What about wheels? Is there something different a consumer would want to look for in a winter wheel, or are they basically the same as what you’d run in the summer?
Well, typically since this is going to be a second set of wheels, people like to be a little more price conscious and that’s perfectly fine. I highly recommend alloy wheels for a winter set. Reason being is that it keeps the weight of the wheel and tire package down which is generally better for the handling dynamic. Some people go with steel which is fine, but I like to keep the same styling characteristics whether its winter or summer and alloy usually does a better job at that. I like to stay away from chrome since it tends to not play as nice with the salt, gravel, sand, and other chemicals that municipalities put on the roads to treat them.
Black and satin finished wheels tend to hold up a bit better and are easier to clean.
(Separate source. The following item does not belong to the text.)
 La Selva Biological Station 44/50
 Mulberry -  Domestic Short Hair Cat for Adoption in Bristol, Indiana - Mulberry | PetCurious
Plus, as far as size goes, whatever you’re running normally in the summer should be what you stick to in the winter months. This is doubly true if you’re running something like a Hypertech tuner which is calibrated for a certain size setup. Along with this TPMS sensors are a must as well.
Finally, are there any additional items or services that consumers or retailers need to be aware of as winter approaches?
Simple things like ice melt, windshield scrapers, and snow brushes are must-haves. As well as winter wiper blades, which many people may not realize are constructed differently to prevent snow and ice build-up and still allow the blade to flex and contour to the windshield. Plus, these blades eliminate any chattering when the temperatures get low.